Qualcomm's New Snapdragon S4: MSM8960 & Krait Architecture Explored

Name: Qualcomm's New Snapdragon S4: MSM8960 & Krait Architecture Explored
Item: Qualcomm's New Snapdragon S4: MSM8960 & Krait Architecture Explored

by Brian Klug & Anand Lal Shimpi on October 7, 2011 12:35 PM EST

108 Comments | Add A Comment

108 Comments

The Adreno 225 GPU

Qualcomm has historically been pretty silent about its GPU architectures. You'll notice that specific details of Adreno GPU execution resources have been absent from most of our SoC comparisons. Starting with MSM8960 however, this is starting to change.

The MSM8960 uses a current generation Adreno GPU with a couple of changes. Qualcomm calls this GPU the Adreno 225, a follow-on to Adreno 220. Subsequent Krait designs will use Adreno 3xx GPUs based on a brand new architecture.

As we discussed in our Samsung Galaxy S 2 review, Qualcomm's Adreno architecture is a tile based immediate mode renderer with early-z rejection. By Qualcomm's own admission, Adreno is somewhere in the middle of the rendering spectrum between IMRs and Imagination Technologies' TBDR architectures. One key difference is Adreno's tiling isn't as fine grained as IMG's.

Architecturally the Adreno 225 and 220 are identical. Adreno 2xx is a DX9-class unified shader design. There's a ton of compute on-board with eight 4-wide vector units and eight scalar units. Each 4-wide vector unit is capable of a maximum of 8 MADs per clock, while each scalar unit is similarly capable of 2 MADs per clock. That works out to 160 floating point operations per clock, or 32 GFLOPS at 200MHz.
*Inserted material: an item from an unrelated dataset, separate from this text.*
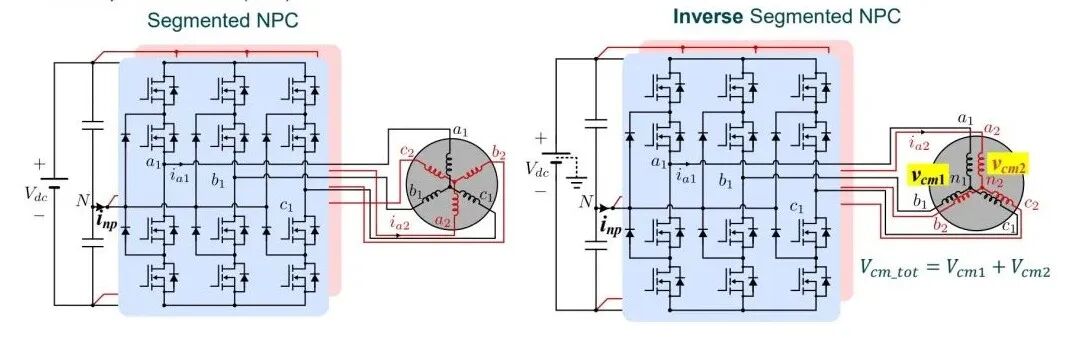 ISMTP用于消除共模電壓和中點(diǎn)電流的拓?fù)渌悸? class=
Update: Qualcomm has clarified the capabilities of its 4-wide Vector ALUs. Similar to the PowerVR SGX 543, each 4-wide vector ALU is capable of four MADs (one per component). The scalar units cannot be combined to do any MADs, although they are helpful we haven't really been tracking those in this table (IMG has something similar) so we've excluded them for now.

Mobile SoC GPU Comparison
	Adreno 225	PowerVR SGX 540	PowerVR SGX 543	PowerVR SGX 543MP2	Mali-400 MP4	GeForce ULP	Kal-El GeForce
SIMD Name	-	USSE	USSE2	USSE2	Core	Core	Core
# of SIMDs	8	4	4	8	4 + 1	8	12
MADs per SIMD	4	2	4	4	4 / 2	1	?
Total MADs	32	8	16	32	18	8	?
GFLOPS @ 200MHz	12.8 GFLOPS	3.2 GFLOPS	6.4 GFLOPS	12.8 GFLOPS	7.2 GFLOPS	3.2 GFLOPS	?
GFLOPS @ 300MHz	19.2 GFLOPS	4.8 GFLOPS	9.6 GFLOPS	19.2 GFLOPS	10.8 GFLOPS	4.8 GFLOPS	?
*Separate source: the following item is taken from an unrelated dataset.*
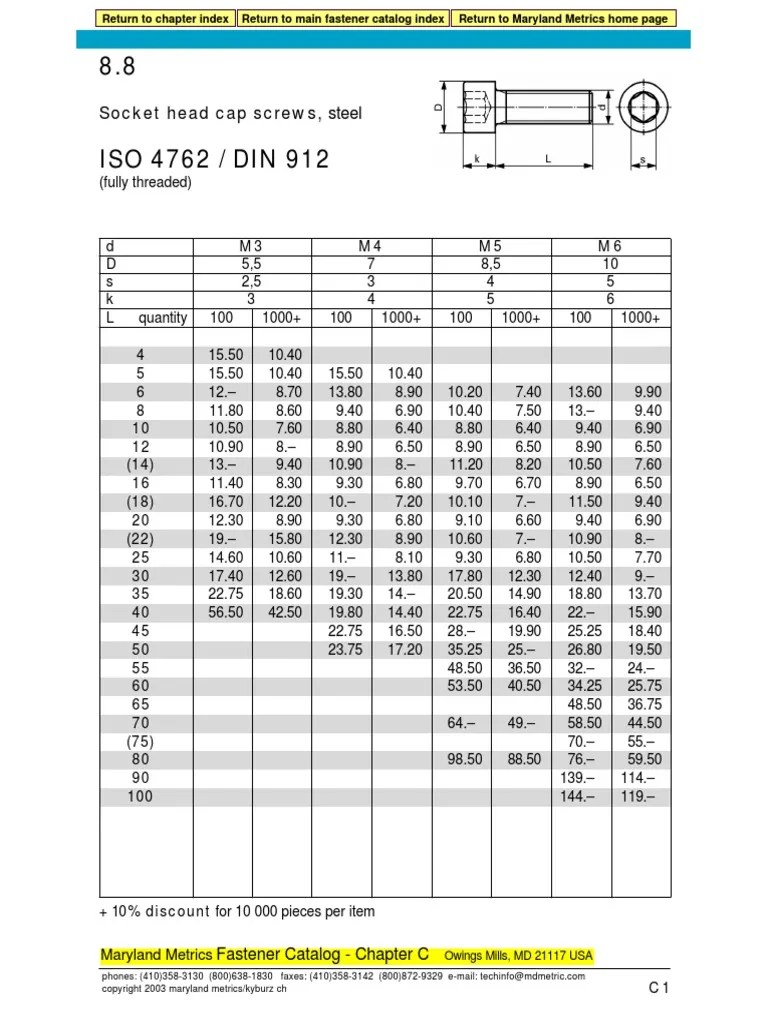 DIN 912ISO 4762.pdf Screw Machines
Looking at the table above you'll see that this is the same amount of computing power than even IMG's PowerVR SGX 543MP2. However as we've already seen in our tests, Adreno 220 isn't anywhere near as quick.

Shader compiler efficiency and data requirements to actually populate a Vec4+1 array are both unknowns, and I suspect both significantly gate overall Adreno performance. There's also the fact that the Adreno 22x family only has two TMUs compared to four in the 543MP2, limiting texturing performance. Combine that with the fact that most Adreno 220 GPUs have been designed into single-channel memory controller systems and you've got a recipe for tons of compute potential limited by other bottlenecks.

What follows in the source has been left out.